The surge followed a March 30 pricing overhaul that ended much of Polymarket’s quasi‑free model. The update expanded taker fees across nearly all market categories — politics, finance, economics, culture, weather and tech — while leaving geopolitics exempt. Reports indicate daily fee income jumped from about $363,000 before the change to more than $1 million within days, with net revenue after incentives briefly reaching roughly $995,000.
A March 24 projection had suggested the new fee parameters could support $800,000–$1,000,000 in daily income given about $9.55 billion in 30‑day trading volume. That scenario implies roughly $25 million per month, or about $300 million annually.
Higher fees have not yet driven significant outflows. DeFiLlama places Polymarket’s total value locked near $432 million, similar to levels around the 2024 U.S. presidential election when the site processed roughly $3.3 billion in wagers on the race. With seven‑figure daily fee receipts, Polymarket now sits alongside top decentralized exchanges and liquid‑staking protocols on DeFi revenue leaderboards — an unusual position for a prediction‑market venue that only recently began broadly charging traders.
The revenue jump arrives amid rising regulatory scrutiny. The U.S. Commodity Futures Trading Commission issued an advance notice of proposed rulemaking on March 16, 2026, seeking comments on potential regulation of prediction markets and event‑based derivatives; the comment period closes April 30. Meanwhile, more than ten anti‑prediction‑market bills have been introduced since January, and regulators in Europe, Argentina and elsewhere have increased scrutiny, particularly after controversies tied to politically sensitive markets.

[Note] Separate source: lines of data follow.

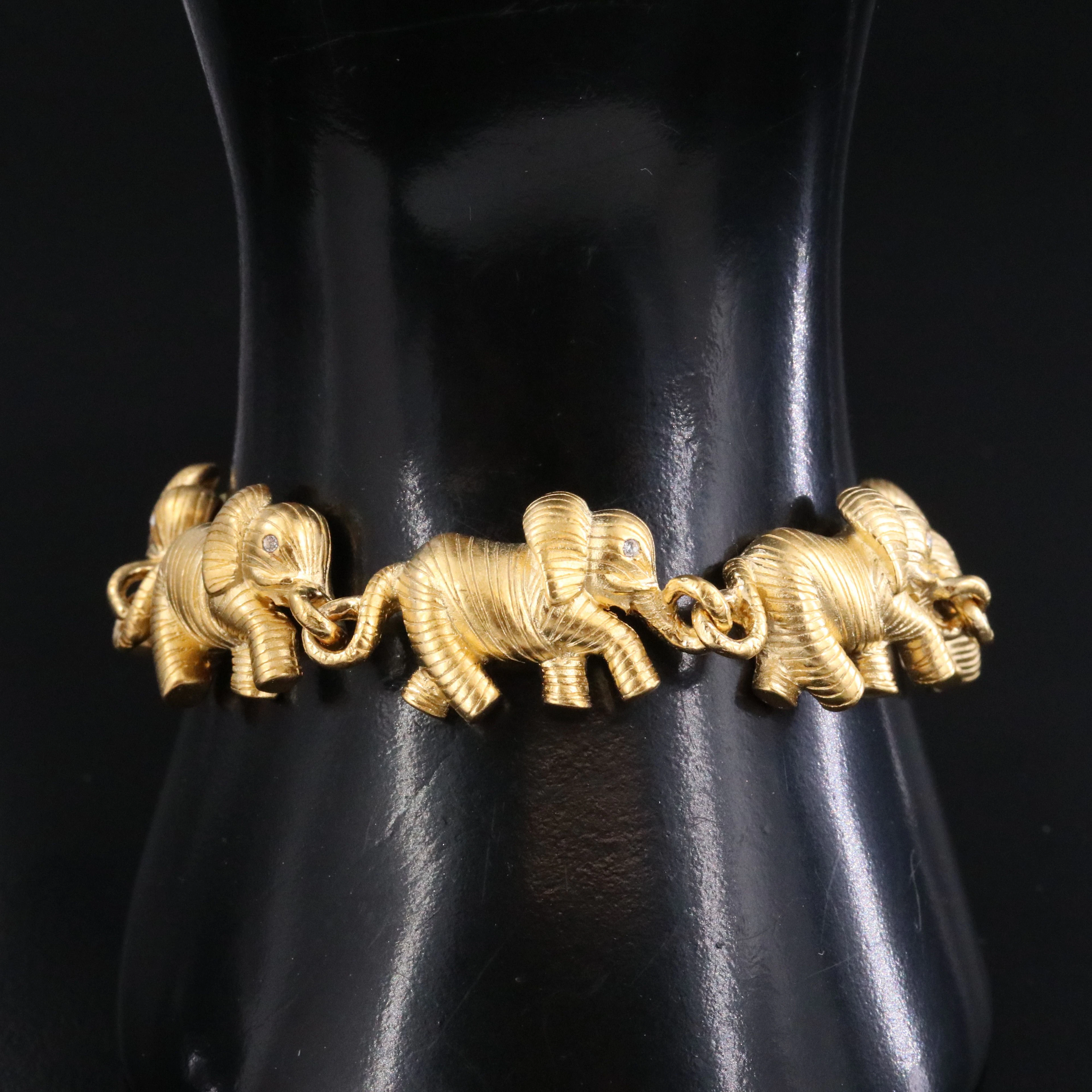 1980s Bob Mackie Elephants Chasing Peanut Bracelet with Rhinestone Eyes
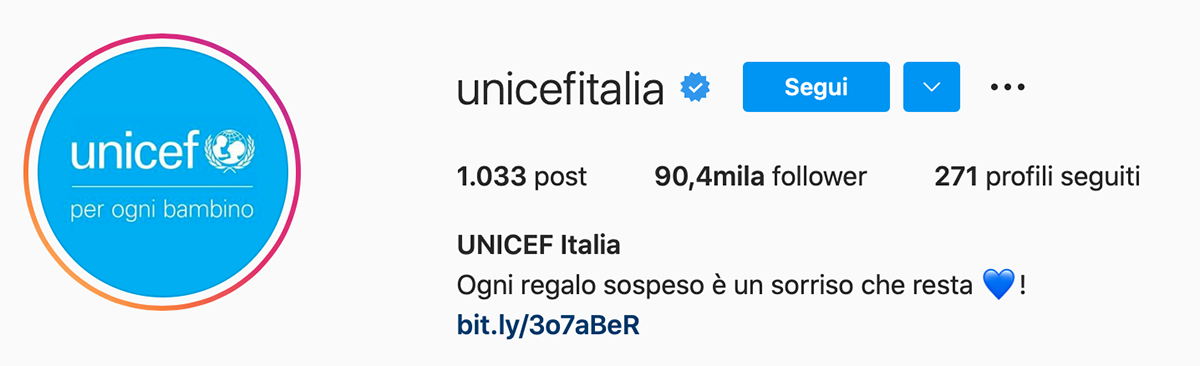 Unicef Instagram Fundraising.it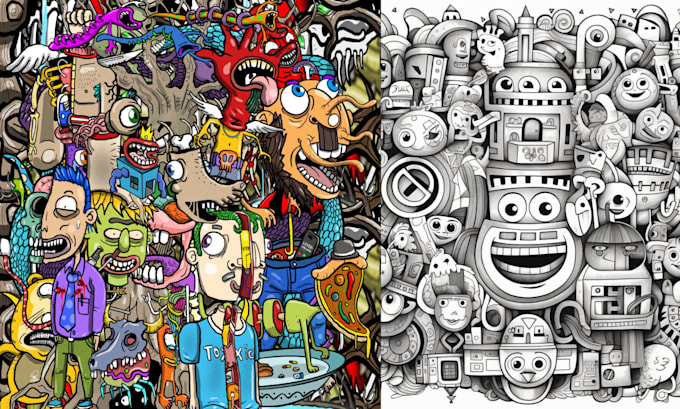 Gig Preview - Drawn HQ doodle art illustration custom doodle canvas wall art based on demand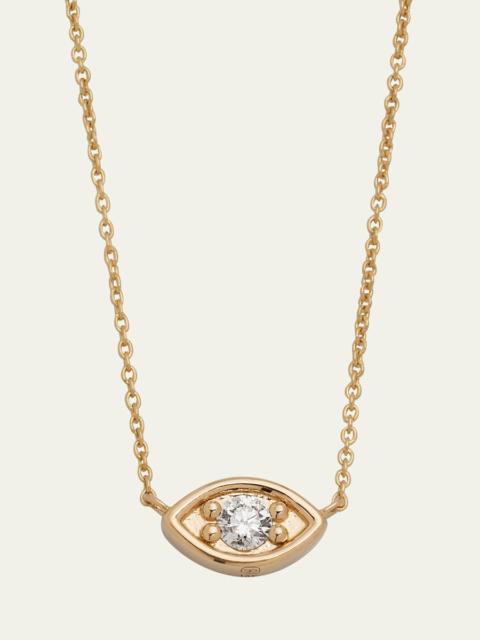 SYDNEY EVAN 14k Yellow Gold Large Marquis Evil Eye Diamond Necklace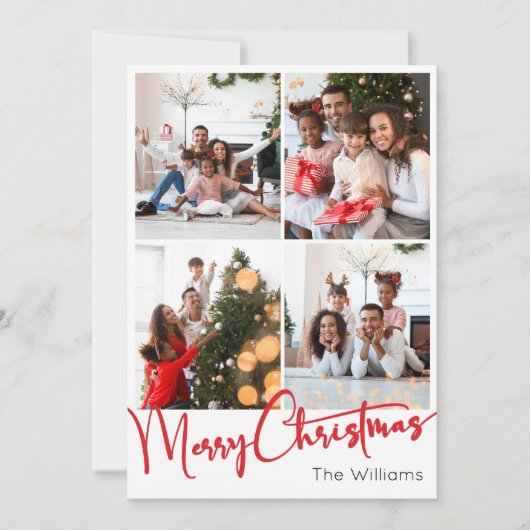 Red Script Frohe Weihnachten Vertical 4 Foto (Vorderseite)
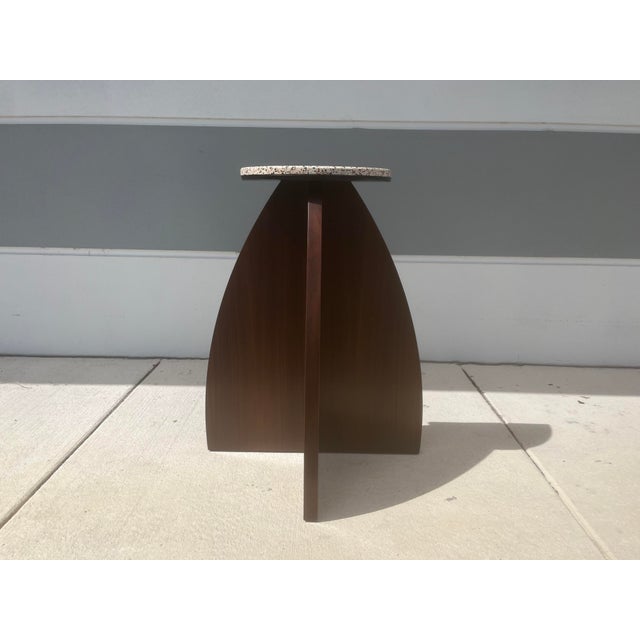 Brown Modern Walnut and Terrazzo Pedestal For Sale - Image 8 of 10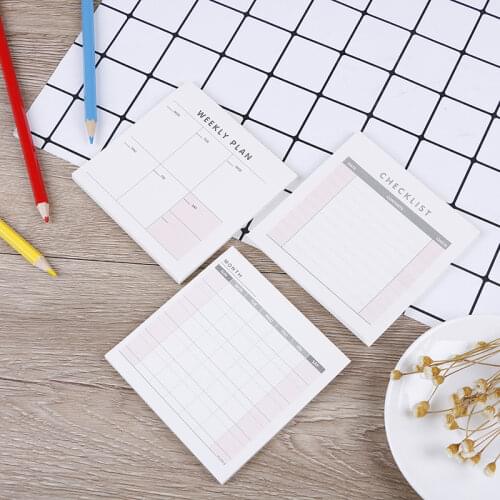 Weekly Monthly Work Planner Book Diary Memo Pad For Kids School Supplies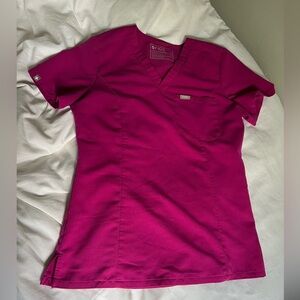 FIGS raspberry sorbet slim fit top XS
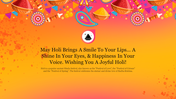 Colorful Holi greeting with vibrant traditional patterns, drums, and decorative elements on a gradient orange background.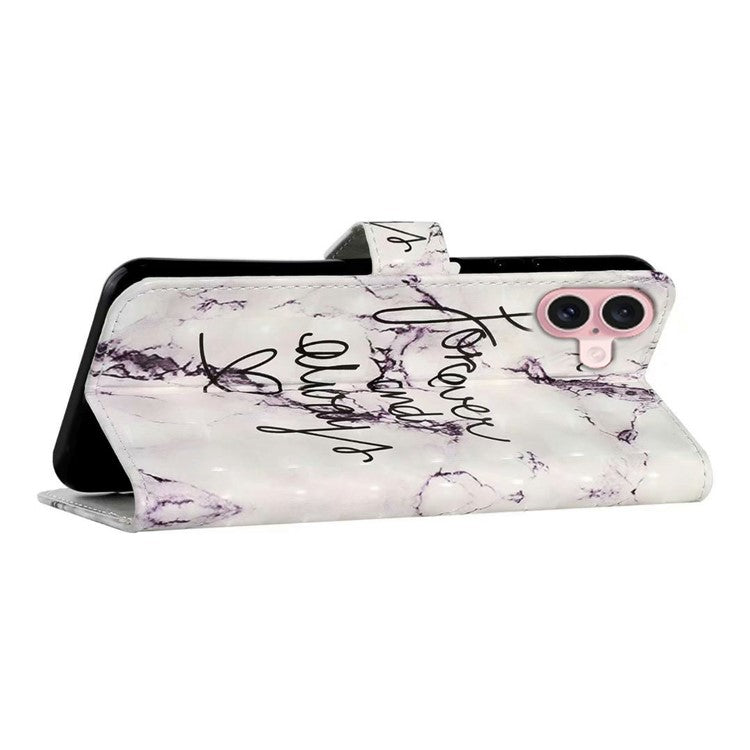 For iPhone 16 Case 3D Creative Pattern PU Leather Stand Phone Cover - Forever and Always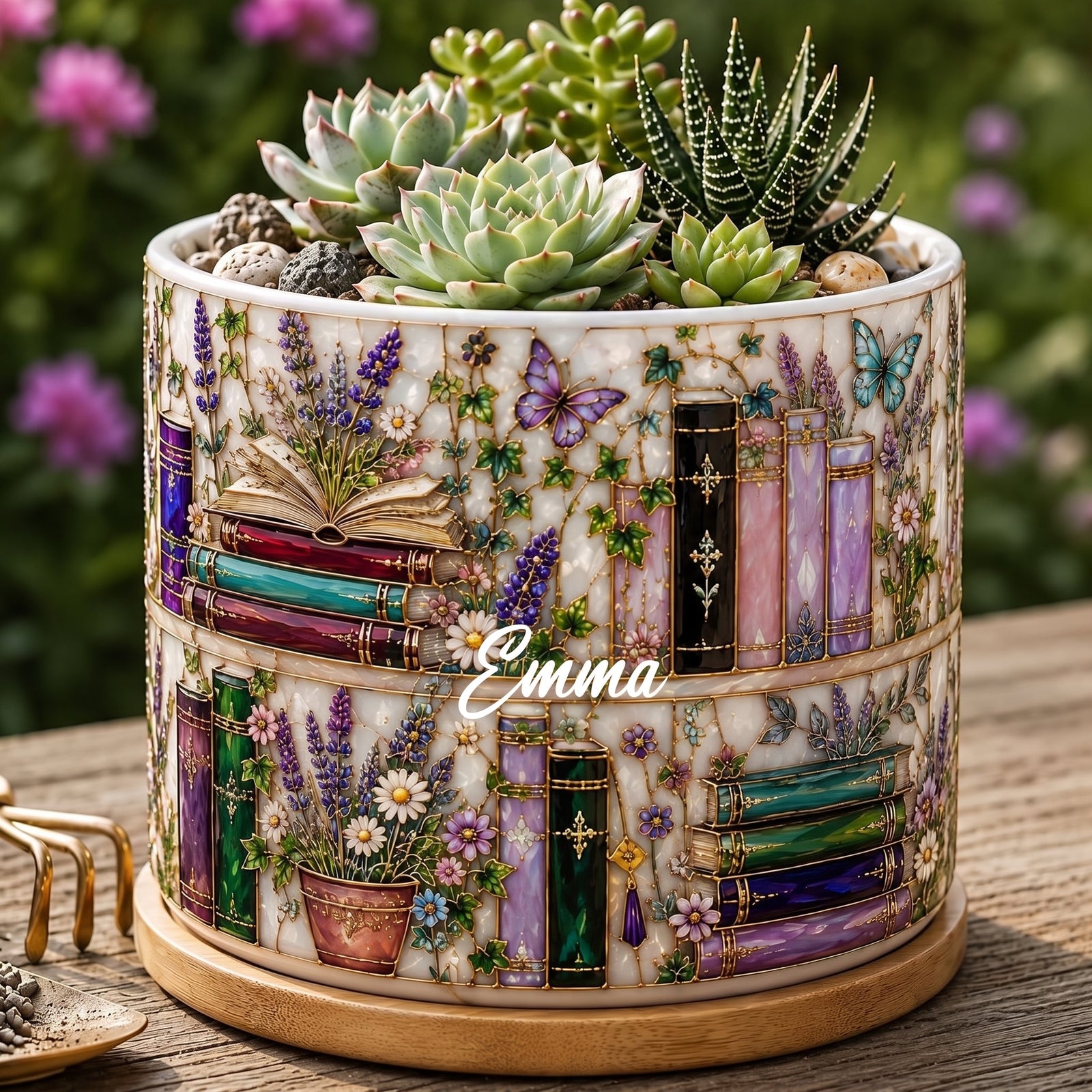 Personalized Stained-Glass Floral Bookshelf Plant Pot -Gift For Teacher, Bookworm, Librarian, Book Lover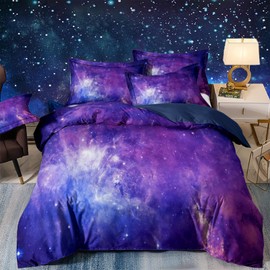 3D Galaxy Bedding Purple Sky Universe Star Duvet Cover Microfiber Quilt Cover with Zipeer Closure for Kids Teens Adults Bedding (Single 135x200cm)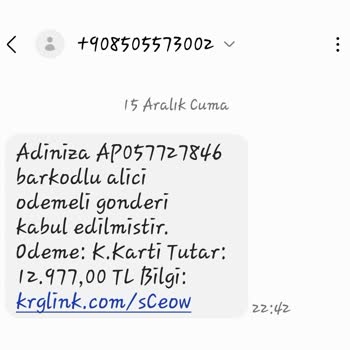 PTT Kargo +908505573002 Numaralı Numaradan Gelen Belirsiz Kargo Mesajı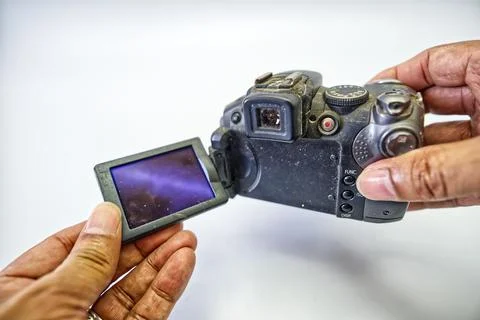 Old digital camera with an articulating screen Stockfoto's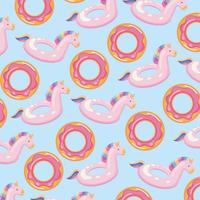 Seamless donut and pink unicorn float pattern  vector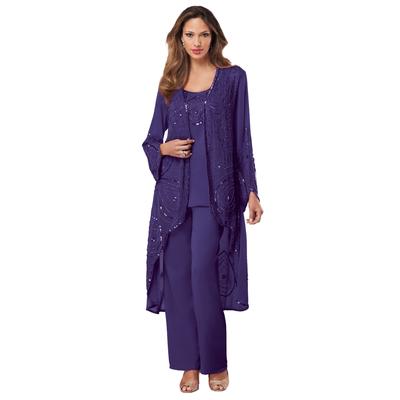 Plus Size Women's Beaded Pant Set by Roaman's in Midnight Violet (Size 30 W) Sheer Jacket Formal Evening Wear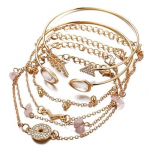 Latest Stylish Multilayer Gold Plated Bangle Bracelet for Women and Girls Set of 6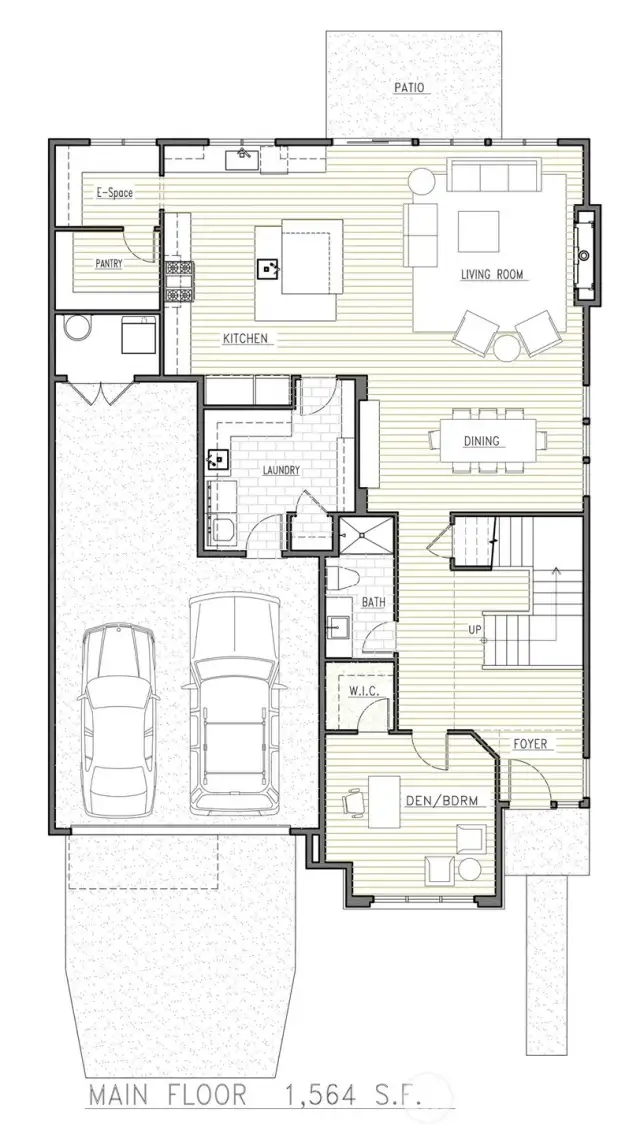 Sprawling Open Concept great room with dedicated dining space and kitchen/living open to greenbelt view deck. Extra large 2 car garage for added storage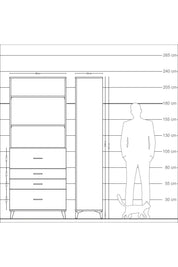 Arges Dolap 3 Raflı 4 Çekmeceli 88x30x221 - S30M138V6A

Whether Polymarket can maintain a $300‑plus‑million revenue profile while navigating expanding regulatory pressure is now a central question for on‑chain betting. Sustaining elevated fee levels without alienating liquidity providers or users, and responding to evolving rules across jurisdictions, will determine whether the platform’s new role as DeFi’s prediction‑market tollbooth is durable.